# TRY IT
Write out the data that follows exactly, keeping every picture out.

# STORED DATA

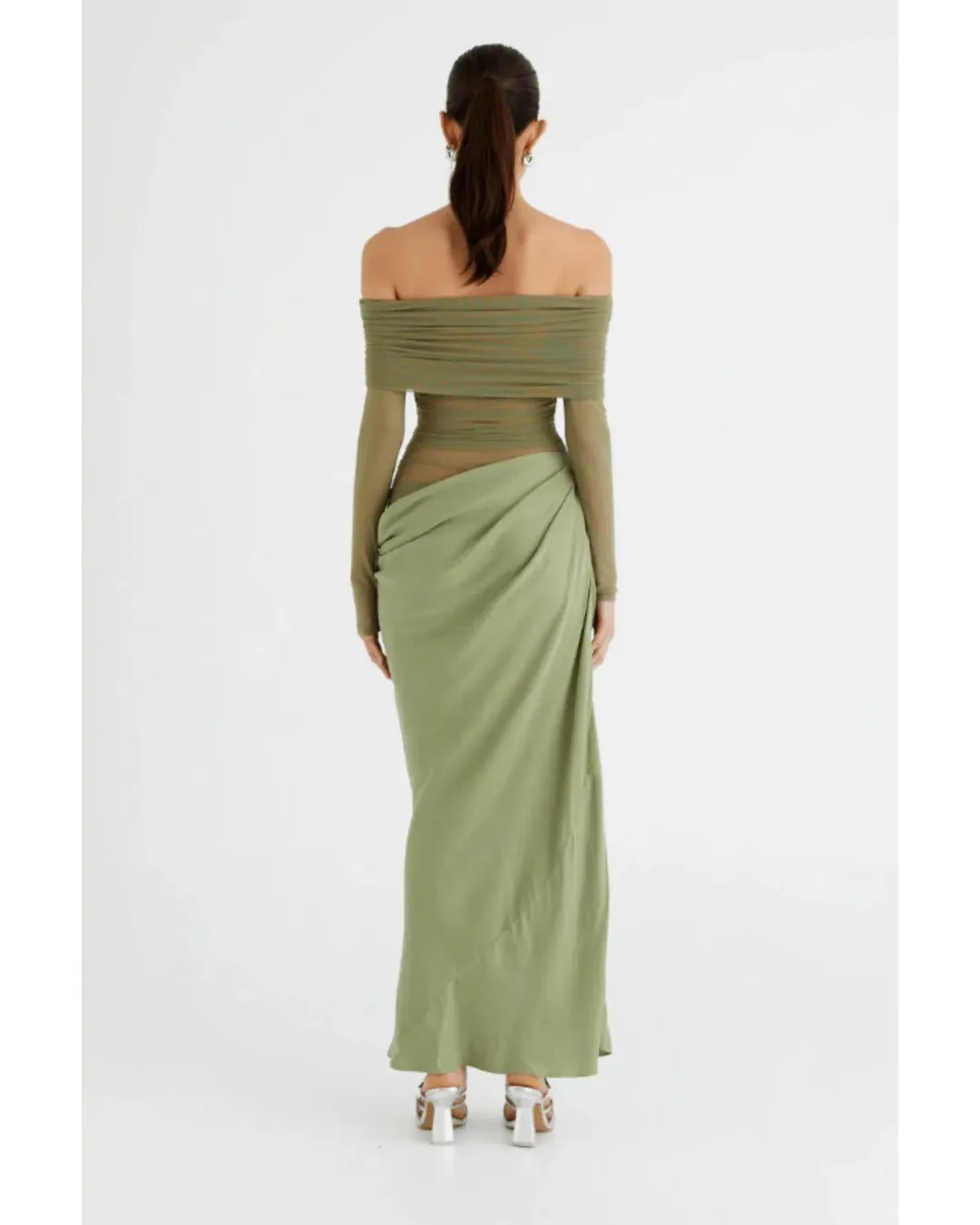 Benni Yasmin Off The Shoulder Maxi Dress in Pistachio Size AU 12 for rent on The Volte - main image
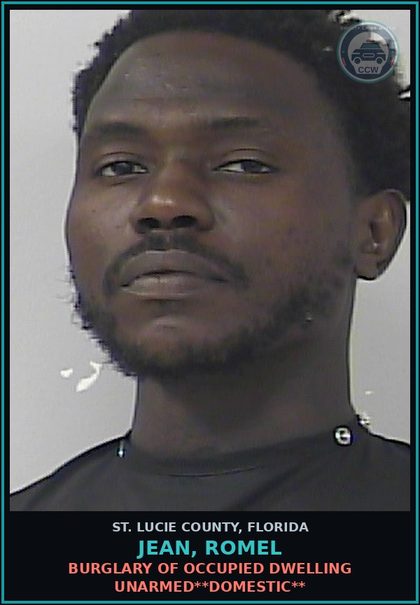 CCW arrest card for Jean, Romel in St. Lucie County: Burglary Of Occupied Dwelling Unarmed**domestic**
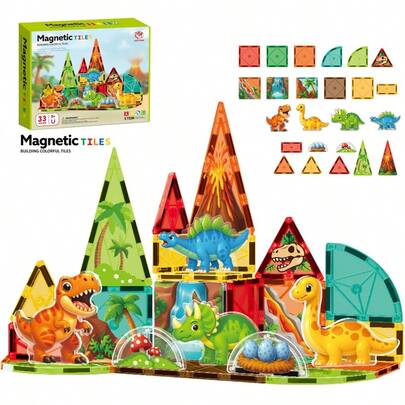 1 Set Kids Boys Girls Magnetic Building Blocks 4D Dinosaur Park Series, Stimulate Intelligence, DIY Magnetic Tiles Can Be Assembled Into Various Shapes, Develop Imagination & Creativity, Early Education Toy, 4 Dinosaurs, Large Size 7.5cm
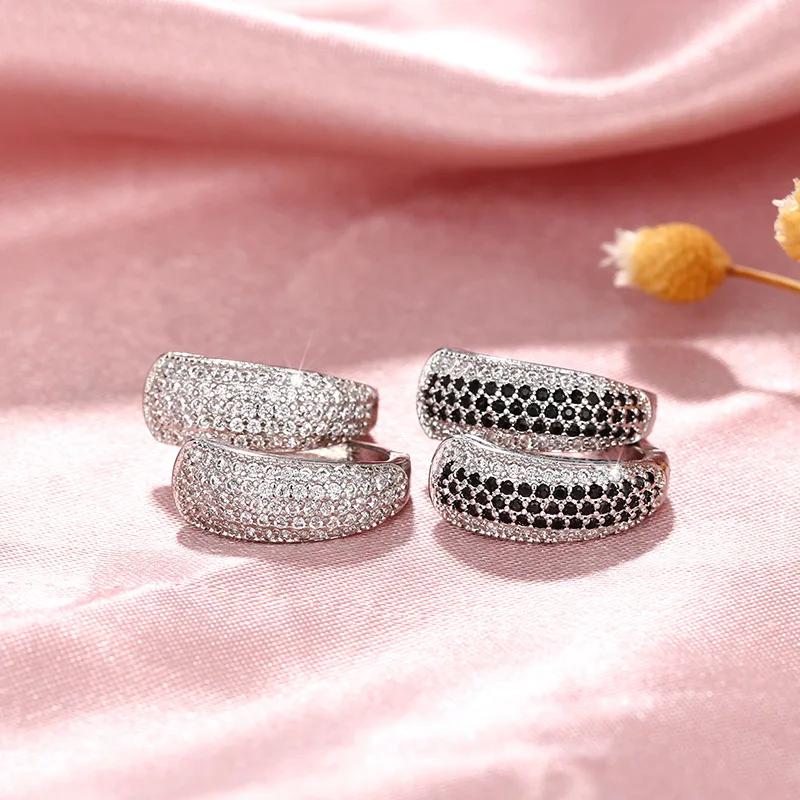 2025 Shi Europe and the United States with the same type of cubic zirconia earrings, men and women ins trend simple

# COMPLETED EXERCISE
 Benni Yasmin Off The Shoulder Maxi Dress in Pistachio Size AU 12 for rent on The Volte - main image
 CCW arrest card for Jean, Romel in St. Lucie County: Burglary Of Occupied Dwelling Unarmed**domestic**
 1 Set Kids Boys Girls Magnetic Building Blocks 4D Dinosaur Park Series, Stimulate Intelligence, DIY Magnetic Tiles Can Be Assembled Into Various Shapes, Develop Imagination & Creativity, Early Education Toy, 4 Dinosaurs, Large Size 7.5cm
 2025 Shi Europe and the United States with the same type of cubic zirconia earrings, men and women ins trend simple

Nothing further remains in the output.